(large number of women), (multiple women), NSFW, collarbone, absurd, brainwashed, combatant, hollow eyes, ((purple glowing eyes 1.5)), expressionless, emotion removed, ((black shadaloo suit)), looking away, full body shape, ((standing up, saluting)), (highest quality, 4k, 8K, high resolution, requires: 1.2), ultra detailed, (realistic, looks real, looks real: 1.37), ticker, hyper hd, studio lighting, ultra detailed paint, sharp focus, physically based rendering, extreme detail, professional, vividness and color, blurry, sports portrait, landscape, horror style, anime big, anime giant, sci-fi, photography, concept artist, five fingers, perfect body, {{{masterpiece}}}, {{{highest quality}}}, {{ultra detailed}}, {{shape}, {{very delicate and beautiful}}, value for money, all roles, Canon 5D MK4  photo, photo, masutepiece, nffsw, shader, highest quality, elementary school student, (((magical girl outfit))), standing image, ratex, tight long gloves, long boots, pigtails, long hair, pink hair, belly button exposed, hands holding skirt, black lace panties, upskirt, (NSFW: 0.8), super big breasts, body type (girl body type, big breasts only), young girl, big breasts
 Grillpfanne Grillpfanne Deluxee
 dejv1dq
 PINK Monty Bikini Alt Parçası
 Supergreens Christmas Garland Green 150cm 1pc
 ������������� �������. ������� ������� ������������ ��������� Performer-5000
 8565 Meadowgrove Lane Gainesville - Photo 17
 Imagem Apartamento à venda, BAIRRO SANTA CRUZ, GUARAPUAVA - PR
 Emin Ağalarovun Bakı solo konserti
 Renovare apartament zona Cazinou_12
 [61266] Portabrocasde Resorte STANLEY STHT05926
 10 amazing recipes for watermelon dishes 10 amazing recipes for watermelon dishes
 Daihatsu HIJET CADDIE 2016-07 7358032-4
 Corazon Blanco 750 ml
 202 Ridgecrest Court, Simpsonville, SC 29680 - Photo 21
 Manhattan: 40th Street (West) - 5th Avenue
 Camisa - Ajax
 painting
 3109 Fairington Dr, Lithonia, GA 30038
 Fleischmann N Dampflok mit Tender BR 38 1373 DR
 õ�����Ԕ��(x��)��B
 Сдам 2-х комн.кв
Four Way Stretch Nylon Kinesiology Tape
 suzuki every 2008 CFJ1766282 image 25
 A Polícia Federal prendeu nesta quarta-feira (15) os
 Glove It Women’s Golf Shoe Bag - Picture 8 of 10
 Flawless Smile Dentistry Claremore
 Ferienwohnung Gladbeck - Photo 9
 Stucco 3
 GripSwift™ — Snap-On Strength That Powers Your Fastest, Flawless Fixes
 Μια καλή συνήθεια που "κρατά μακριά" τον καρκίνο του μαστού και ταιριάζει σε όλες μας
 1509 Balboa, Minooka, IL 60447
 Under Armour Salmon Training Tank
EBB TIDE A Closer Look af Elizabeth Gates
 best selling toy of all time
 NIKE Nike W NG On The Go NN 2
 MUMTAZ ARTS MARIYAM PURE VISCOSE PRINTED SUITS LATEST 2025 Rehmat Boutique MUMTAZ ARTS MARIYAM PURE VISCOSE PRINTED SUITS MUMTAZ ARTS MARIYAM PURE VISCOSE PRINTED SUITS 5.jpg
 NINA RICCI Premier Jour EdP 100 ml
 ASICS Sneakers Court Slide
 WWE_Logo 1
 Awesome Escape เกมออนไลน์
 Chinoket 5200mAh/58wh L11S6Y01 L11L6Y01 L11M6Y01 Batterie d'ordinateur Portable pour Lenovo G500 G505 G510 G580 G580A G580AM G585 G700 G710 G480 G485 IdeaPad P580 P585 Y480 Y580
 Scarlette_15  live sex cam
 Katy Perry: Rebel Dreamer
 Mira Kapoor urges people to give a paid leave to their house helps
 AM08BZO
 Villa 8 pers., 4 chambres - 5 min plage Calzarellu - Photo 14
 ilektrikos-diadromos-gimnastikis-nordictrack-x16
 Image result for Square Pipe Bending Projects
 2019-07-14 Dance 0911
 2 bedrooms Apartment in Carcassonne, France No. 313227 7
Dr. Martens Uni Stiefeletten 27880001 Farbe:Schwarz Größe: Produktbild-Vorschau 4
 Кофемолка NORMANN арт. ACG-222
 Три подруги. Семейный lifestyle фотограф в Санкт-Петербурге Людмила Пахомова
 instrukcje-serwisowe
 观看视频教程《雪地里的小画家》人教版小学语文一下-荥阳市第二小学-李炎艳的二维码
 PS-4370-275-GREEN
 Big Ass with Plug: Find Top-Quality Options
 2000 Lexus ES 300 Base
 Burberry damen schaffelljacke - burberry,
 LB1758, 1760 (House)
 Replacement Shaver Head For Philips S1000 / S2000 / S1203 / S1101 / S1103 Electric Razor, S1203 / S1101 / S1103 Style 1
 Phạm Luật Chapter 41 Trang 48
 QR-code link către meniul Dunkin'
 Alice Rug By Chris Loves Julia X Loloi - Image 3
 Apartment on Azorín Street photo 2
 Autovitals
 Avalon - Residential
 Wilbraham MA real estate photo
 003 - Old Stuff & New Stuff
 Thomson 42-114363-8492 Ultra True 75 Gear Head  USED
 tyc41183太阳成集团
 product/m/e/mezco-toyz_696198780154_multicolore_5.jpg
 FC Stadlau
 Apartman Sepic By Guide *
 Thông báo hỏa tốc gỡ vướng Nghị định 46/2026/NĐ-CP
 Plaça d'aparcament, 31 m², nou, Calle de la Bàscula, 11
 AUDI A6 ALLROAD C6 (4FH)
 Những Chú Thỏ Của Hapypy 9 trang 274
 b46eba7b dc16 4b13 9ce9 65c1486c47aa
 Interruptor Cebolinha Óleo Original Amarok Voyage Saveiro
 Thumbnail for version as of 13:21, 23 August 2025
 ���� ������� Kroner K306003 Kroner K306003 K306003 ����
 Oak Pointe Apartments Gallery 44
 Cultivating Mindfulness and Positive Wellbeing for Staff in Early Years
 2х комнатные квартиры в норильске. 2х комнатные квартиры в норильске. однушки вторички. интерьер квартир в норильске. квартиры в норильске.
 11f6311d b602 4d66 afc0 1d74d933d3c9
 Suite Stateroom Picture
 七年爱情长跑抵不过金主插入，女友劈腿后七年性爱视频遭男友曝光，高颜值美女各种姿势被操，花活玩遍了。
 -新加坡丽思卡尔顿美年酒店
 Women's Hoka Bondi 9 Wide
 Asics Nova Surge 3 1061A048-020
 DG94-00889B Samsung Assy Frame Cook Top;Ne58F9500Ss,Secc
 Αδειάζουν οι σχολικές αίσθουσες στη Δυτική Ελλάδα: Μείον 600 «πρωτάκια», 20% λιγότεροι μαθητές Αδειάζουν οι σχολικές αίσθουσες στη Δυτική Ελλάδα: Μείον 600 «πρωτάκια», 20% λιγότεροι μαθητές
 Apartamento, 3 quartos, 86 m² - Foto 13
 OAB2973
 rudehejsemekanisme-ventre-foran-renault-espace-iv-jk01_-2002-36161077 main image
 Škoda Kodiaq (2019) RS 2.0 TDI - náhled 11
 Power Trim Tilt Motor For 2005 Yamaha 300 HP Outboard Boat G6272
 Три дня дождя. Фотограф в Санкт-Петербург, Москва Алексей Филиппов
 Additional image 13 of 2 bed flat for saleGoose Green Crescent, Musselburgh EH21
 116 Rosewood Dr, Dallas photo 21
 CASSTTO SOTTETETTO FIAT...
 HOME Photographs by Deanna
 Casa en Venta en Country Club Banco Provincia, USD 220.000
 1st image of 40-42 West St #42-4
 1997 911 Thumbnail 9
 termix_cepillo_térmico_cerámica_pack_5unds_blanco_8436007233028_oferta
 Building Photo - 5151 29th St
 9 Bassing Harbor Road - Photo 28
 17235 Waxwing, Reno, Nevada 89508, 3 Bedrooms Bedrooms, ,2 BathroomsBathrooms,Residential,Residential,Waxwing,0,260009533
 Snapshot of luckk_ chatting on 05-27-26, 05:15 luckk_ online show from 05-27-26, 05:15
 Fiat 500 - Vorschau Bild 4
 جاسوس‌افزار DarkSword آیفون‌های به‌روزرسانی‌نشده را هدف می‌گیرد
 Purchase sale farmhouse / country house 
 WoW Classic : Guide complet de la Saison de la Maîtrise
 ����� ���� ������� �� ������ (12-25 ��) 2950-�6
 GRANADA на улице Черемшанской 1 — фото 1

_ _ _

From the line containing "Interruptor Cebolinha Óleo" down to the line containing "Cultivating Mindfulness and" in the material above, reproduce every line exactly, including the two end lines.

 Interruptor Cebolinha Óleo Original Amarok Voyage Saveiro
 Thumbnail for version as of 13:21, 23 August 2025
 ���� ������� Kroner K306003 Kroner K306003 K306003 ����
 Oak Pointe Apartments Gallery 44
 Cultivating Mindfulness and Positive Wellbeing for Staff in Early Years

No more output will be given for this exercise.